→ Exercise brief:
Go over the data and copy out each line with "Metal" in it.

→ Stored data:
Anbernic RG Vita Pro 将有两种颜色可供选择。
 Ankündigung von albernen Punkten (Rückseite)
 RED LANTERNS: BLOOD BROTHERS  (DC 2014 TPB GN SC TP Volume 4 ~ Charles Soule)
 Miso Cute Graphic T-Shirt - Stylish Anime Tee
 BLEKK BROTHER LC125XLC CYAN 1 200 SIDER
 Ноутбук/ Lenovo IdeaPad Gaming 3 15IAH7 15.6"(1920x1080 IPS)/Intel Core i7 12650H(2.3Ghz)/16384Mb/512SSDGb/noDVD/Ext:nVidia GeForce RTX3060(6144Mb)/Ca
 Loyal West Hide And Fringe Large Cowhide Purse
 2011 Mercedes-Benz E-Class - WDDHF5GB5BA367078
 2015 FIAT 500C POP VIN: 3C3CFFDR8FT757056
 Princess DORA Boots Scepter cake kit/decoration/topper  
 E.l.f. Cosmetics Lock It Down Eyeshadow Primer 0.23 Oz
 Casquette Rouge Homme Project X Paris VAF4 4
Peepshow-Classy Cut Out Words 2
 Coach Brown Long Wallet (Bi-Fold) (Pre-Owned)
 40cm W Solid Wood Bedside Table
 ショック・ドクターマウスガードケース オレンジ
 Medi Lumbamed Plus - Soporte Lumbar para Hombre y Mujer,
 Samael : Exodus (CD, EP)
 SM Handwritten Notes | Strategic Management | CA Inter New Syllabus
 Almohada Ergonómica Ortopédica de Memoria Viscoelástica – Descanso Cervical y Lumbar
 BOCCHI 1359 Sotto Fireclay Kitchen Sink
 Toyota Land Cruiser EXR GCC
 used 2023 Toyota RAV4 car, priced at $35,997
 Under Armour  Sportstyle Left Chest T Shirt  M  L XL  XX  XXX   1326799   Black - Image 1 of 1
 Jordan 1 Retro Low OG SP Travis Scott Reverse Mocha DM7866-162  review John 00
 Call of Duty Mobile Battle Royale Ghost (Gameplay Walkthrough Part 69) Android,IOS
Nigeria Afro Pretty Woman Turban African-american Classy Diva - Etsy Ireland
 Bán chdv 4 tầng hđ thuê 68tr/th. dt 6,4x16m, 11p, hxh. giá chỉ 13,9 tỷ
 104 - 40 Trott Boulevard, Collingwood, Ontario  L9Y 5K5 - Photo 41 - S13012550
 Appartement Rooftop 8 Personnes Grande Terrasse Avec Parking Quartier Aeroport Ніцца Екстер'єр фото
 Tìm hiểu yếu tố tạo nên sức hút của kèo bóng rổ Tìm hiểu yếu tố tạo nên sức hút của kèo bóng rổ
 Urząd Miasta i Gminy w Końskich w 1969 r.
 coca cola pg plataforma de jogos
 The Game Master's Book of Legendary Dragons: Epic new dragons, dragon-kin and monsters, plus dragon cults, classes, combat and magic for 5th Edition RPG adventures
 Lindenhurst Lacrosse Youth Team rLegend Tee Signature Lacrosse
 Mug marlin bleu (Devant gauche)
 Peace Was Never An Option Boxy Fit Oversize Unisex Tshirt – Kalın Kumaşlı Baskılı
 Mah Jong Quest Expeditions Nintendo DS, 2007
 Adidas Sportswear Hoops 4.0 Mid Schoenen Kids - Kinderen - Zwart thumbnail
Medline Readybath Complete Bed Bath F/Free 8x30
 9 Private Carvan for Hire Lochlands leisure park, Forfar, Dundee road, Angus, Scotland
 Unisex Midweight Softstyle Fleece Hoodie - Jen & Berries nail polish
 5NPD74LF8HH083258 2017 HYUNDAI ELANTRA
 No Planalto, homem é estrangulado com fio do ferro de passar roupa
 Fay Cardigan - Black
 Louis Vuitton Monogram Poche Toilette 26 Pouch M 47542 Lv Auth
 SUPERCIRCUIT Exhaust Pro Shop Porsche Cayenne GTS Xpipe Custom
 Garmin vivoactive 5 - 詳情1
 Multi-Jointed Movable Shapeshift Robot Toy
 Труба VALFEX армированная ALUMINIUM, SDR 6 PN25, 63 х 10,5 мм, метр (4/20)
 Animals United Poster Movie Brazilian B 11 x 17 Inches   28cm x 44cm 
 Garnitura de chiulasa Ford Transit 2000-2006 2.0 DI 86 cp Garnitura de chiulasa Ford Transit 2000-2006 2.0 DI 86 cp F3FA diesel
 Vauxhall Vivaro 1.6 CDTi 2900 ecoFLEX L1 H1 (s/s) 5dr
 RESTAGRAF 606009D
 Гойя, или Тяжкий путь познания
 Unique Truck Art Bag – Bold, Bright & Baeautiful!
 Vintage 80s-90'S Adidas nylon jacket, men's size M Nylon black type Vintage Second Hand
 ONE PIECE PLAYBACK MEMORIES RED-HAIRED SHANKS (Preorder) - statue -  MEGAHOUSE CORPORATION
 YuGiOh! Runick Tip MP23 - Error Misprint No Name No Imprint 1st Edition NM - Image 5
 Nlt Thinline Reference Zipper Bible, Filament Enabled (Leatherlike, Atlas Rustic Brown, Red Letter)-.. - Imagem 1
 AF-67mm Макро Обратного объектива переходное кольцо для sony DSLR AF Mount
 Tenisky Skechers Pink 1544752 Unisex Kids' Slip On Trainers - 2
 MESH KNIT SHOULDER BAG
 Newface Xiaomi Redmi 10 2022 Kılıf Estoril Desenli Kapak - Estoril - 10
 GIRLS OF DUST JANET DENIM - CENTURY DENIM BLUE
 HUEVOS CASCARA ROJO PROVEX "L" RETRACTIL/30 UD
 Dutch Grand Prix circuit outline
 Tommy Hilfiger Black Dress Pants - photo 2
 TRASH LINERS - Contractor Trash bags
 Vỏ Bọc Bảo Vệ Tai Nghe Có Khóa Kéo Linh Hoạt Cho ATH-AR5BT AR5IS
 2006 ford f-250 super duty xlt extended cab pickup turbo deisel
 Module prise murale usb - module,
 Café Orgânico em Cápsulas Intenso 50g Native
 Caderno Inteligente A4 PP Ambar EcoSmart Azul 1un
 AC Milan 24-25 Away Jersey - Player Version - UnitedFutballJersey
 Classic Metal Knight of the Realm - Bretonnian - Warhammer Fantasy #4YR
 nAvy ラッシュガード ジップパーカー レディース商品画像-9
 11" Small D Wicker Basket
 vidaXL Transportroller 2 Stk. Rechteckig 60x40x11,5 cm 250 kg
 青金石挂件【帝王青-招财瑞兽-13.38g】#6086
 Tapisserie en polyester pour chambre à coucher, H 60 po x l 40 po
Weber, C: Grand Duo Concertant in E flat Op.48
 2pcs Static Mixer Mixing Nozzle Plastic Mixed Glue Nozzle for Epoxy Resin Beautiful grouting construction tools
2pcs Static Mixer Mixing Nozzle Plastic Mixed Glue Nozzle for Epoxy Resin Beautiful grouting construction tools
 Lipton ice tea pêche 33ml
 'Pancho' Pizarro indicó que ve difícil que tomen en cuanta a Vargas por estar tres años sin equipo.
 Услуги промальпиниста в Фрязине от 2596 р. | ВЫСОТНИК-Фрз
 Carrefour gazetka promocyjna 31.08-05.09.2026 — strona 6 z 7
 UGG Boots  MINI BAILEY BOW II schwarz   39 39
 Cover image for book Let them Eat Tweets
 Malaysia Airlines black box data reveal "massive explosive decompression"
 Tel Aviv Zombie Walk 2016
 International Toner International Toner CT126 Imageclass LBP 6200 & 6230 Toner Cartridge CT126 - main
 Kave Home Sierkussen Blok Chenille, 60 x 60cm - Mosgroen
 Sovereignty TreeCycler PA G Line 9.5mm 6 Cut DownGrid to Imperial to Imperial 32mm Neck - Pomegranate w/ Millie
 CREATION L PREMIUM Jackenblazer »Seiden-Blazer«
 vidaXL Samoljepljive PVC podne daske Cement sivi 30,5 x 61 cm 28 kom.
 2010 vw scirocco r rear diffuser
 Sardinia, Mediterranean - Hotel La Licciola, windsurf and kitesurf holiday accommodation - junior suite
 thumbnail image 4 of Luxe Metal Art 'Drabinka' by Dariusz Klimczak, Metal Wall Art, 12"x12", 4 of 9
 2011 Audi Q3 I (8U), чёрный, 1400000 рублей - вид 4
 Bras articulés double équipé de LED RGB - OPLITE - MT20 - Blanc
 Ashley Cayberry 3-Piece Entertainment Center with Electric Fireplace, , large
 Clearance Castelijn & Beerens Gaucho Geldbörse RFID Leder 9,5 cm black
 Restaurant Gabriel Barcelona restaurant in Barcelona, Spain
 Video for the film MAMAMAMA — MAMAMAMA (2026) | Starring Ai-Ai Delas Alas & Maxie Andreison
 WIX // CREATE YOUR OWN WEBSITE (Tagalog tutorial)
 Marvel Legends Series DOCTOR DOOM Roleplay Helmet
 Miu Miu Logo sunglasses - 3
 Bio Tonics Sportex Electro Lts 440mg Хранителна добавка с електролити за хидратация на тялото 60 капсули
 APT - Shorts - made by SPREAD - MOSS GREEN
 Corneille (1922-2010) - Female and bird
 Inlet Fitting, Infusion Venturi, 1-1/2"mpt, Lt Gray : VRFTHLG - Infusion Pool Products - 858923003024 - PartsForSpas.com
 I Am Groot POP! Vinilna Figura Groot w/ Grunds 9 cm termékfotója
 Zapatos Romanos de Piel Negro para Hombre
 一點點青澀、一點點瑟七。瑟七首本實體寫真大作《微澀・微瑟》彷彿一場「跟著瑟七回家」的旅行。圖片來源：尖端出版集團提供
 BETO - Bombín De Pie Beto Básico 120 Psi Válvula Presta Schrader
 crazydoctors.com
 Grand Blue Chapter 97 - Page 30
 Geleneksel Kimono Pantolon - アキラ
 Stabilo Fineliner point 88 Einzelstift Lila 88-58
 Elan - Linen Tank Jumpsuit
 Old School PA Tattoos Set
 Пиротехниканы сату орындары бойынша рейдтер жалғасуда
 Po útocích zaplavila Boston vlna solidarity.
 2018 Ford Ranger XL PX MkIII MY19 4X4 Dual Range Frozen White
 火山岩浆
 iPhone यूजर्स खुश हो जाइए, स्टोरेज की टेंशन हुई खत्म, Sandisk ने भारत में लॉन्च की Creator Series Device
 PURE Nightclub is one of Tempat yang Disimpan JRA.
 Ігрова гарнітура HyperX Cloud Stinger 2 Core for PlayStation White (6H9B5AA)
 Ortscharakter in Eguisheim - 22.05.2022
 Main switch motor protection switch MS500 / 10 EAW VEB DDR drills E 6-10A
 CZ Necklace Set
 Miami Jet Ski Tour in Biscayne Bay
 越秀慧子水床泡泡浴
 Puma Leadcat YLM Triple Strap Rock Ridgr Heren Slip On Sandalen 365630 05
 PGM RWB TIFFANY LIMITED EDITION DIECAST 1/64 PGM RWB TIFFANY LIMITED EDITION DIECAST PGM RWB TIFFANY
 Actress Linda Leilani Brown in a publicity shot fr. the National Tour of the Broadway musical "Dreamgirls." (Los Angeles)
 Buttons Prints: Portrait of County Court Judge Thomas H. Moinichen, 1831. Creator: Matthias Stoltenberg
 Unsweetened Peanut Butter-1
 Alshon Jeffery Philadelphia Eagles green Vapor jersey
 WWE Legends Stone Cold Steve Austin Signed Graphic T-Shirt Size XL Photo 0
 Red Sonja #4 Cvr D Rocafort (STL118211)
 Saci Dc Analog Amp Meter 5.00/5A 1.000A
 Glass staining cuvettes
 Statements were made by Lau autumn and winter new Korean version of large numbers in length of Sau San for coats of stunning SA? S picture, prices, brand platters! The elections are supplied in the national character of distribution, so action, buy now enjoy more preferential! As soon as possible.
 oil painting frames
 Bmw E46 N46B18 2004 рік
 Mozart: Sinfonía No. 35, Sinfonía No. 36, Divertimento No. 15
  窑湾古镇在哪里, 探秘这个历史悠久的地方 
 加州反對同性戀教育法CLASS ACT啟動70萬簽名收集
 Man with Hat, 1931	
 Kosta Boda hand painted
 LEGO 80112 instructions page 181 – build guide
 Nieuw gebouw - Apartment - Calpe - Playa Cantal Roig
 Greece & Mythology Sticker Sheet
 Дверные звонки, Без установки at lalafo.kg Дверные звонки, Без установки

→ Answer to this problem:
 Classic Metal Knight of the Realm - Bretonnian - Warhammer Fantasy #4YR
 thumbnail image 4 of Luxe Metal Art 'Drabinka' by Dariusz Klimczak, Metal Wall Art, 12"x12", 4 of 9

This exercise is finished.